*** Data provided ***

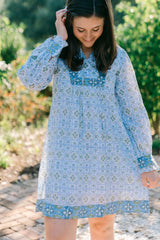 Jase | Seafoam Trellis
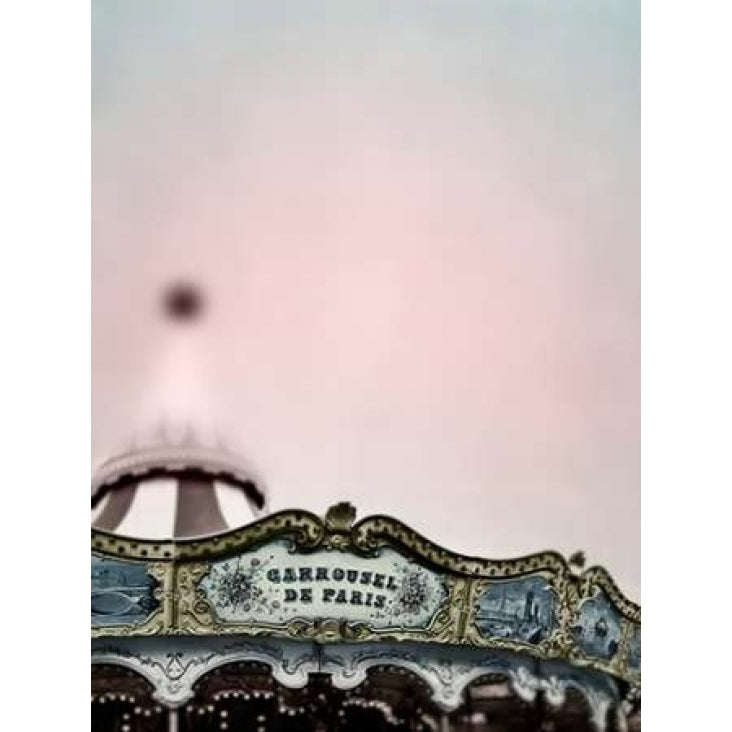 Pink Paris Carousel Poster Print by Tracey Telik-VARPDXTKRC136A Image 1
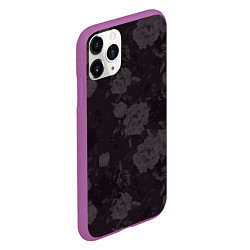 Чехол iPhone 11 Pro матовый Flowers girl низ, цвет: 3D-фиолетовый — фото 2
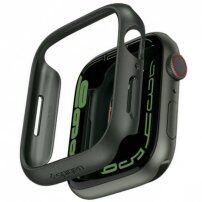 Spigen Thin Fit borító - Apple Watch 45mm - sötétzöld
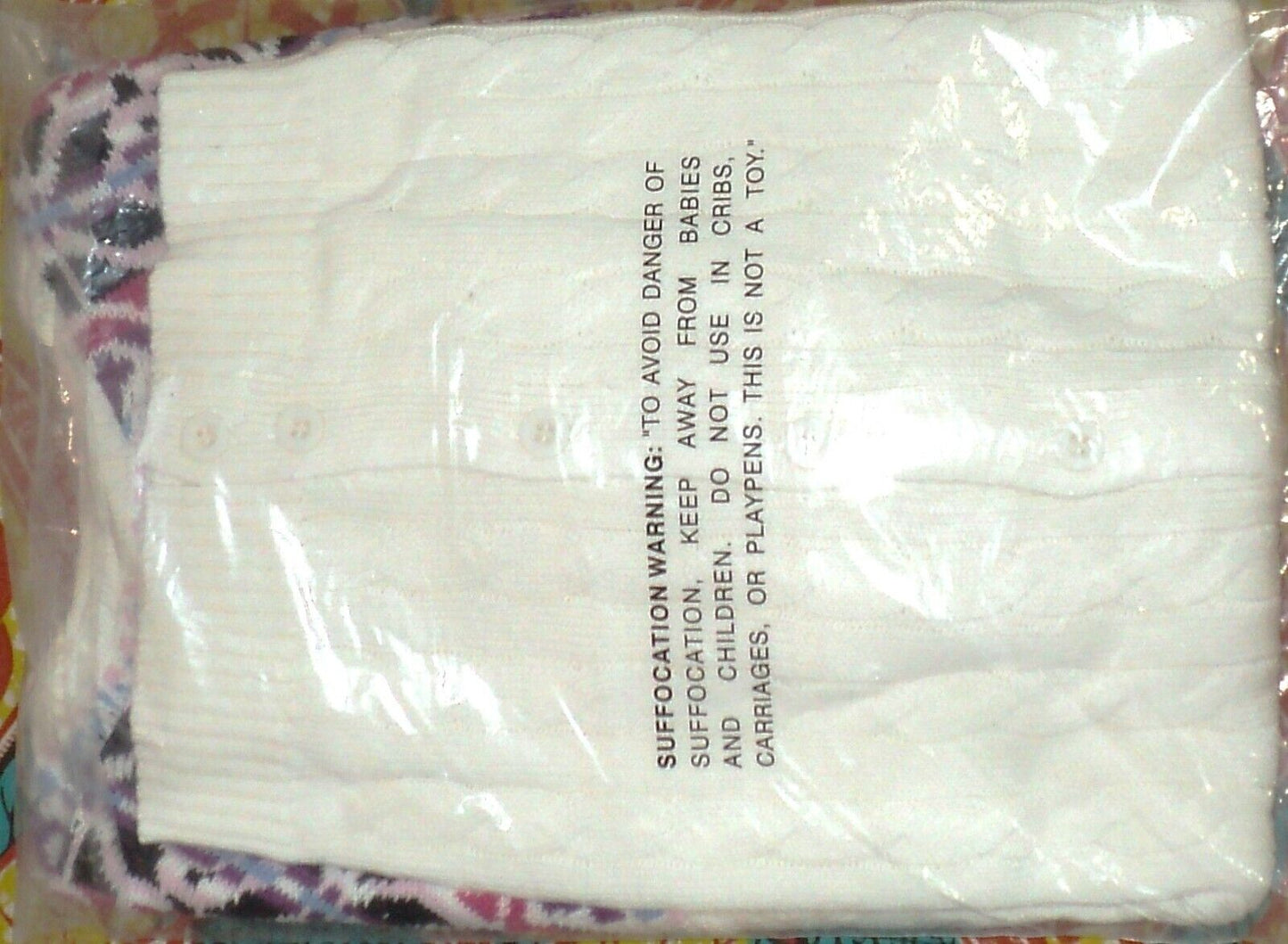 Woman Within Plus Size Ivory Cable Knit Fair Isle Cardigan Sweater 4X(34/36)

*** End of Data provided ***

Work instructions: All lines from the one holding "Чехол iPhone 11" through the last line of the entries, and nothing else, are to be output exactly; leave out the pictures.

Your solution:
 Чехол iPhone 11 Pro матовый Flowers girl низ, цвет: 3D-фиолетовый — фото 2
 Spigen Thin Fit borító - Apple Watch 45mm - sötétzöld
 Woman Within Plus Size Ivory Cable Knit Fair Isle Cardigan Sweater 4X(34/36)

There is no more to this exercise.